En la Antigüedad, los asirios y caldeos pintaron de brillantes colores sus estatuas y aparte de esto decoraban las paredes de sus edificios sea con azulejos, sea con pinturas murales de color vivo cuyo perfil quedaba dibujado por una raya gruesa negra o de color. Los egipcios cubrieron de pinturas jeroglíficas sus templos y palacios.
Los griegos fueron asimismo maestros en policromar sus monumentos y lo mismo puede decirse de los antiguas culturas precolombinas.
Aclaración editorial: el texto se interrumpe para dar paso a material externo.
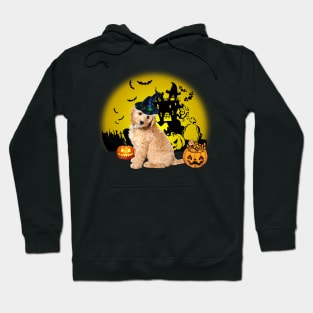 Happy Halloween Cockapoo Dogs Halloween Gift Hoodie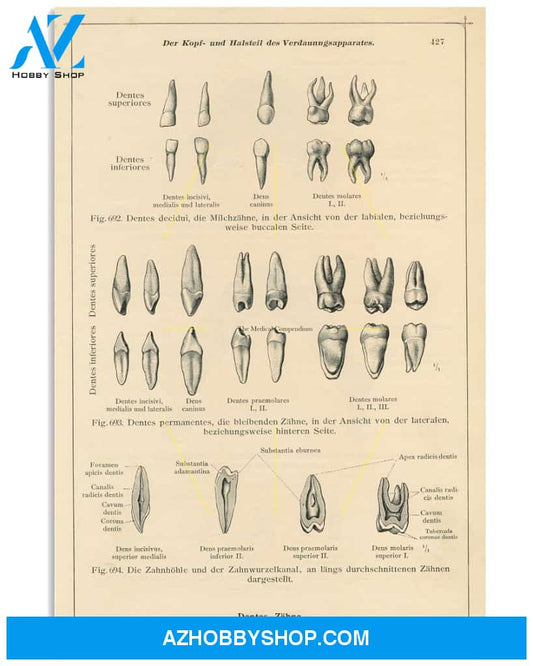 Dentist Vintage Dental Poster Wall Decor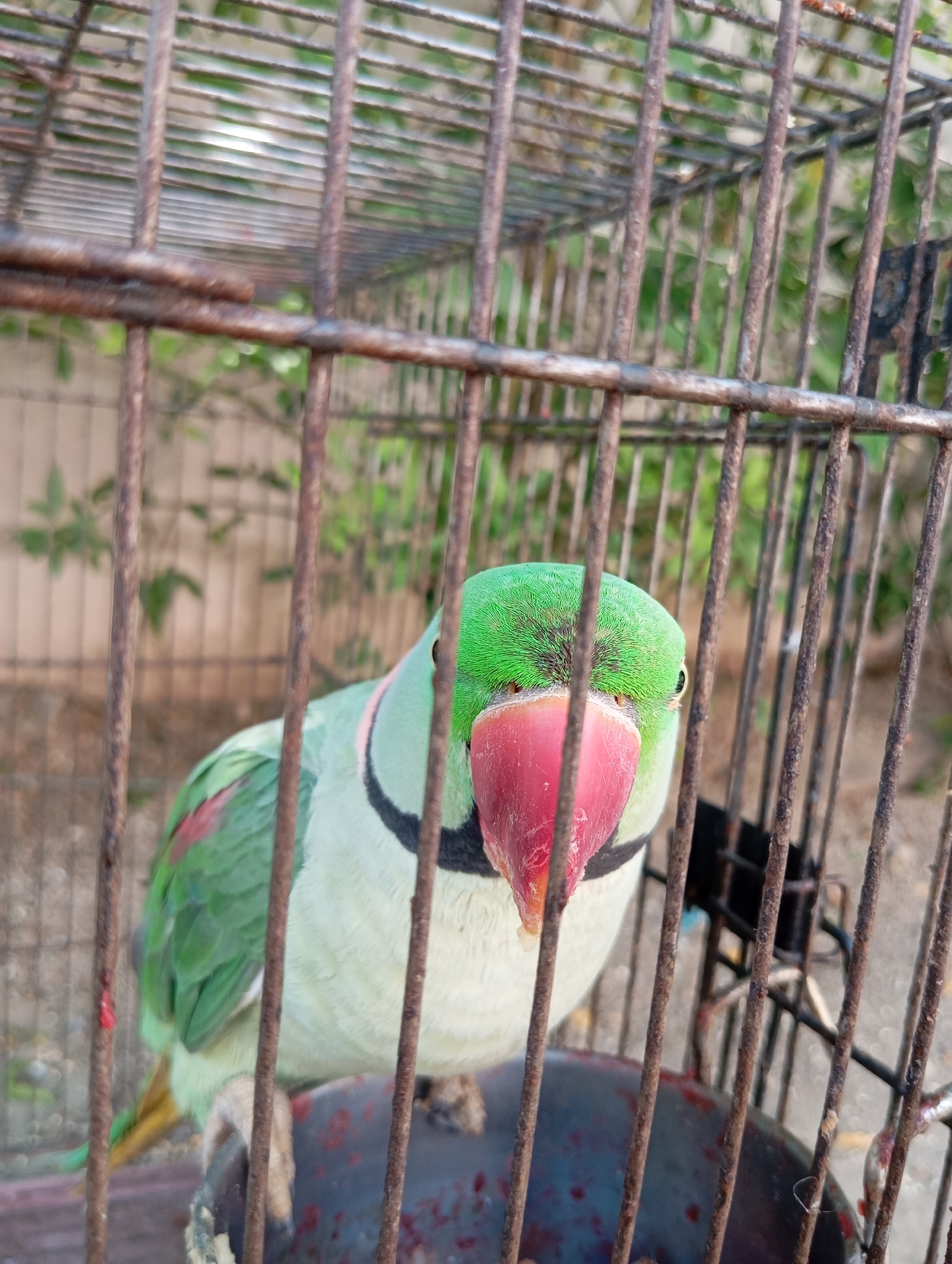 An Indian ringneck parrot with green plumage, a pink beak, and a black collar is in a rusty metal cage. The parrot is facing forward, its head tilted slightly to the right, with its eye visible. The background shows out-of-focus green foliage. The cage bars are prominent in the foreground, obscuring parts of the parrot and the background. The cage appears to be made of weathered metal rods, with a circular feeding dish at the bottom.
Los descubrimientos hechos durante el siglo XIX han permitido cerciorarse de que los helenos cubrían con un sólido estuco, generalmente rojo, las gradinatas y el suelo de sus templos. Los capiteles y arquitrabes recibían un tono carmín; las cornisas eran azules, realzadas con adornos rojos, pardos, amarillos y verdes; el tímpano era azul; los canales tejas, acroteras, antefijas y todos los barros cocidos ofrecían brillantes colores, hábilmente armonizados. Los edificios civiles o profanos estaban decorados también con pinturas murales.
Los romanos emplearon mucho las columnas monolitas de mármol de diversos matices y los mosaicos. Los bizantinos, herederos del arte helénico, continuaron la tradición y transmitieron la policromía a los árabes y a los pueblos de Occidente.
Época románica
En el estilo románico y después en el gótico fue costumbre decorar con pinturas de tonos vivos y simples las capillas y estatuas generalmente sobre fondo rojo o azul. A veces, se pintaban de azul, con estrellas las bóvedas a cuyos efectos policrómicos contribuían por su parte las vidrieras de colores y dorados.
Renacimiento
En el Renacimiento, se emplearon toda suerte de mármoles de colores, mosaicos y frescos, haciendo lo mismo la arquitectura contemporánea.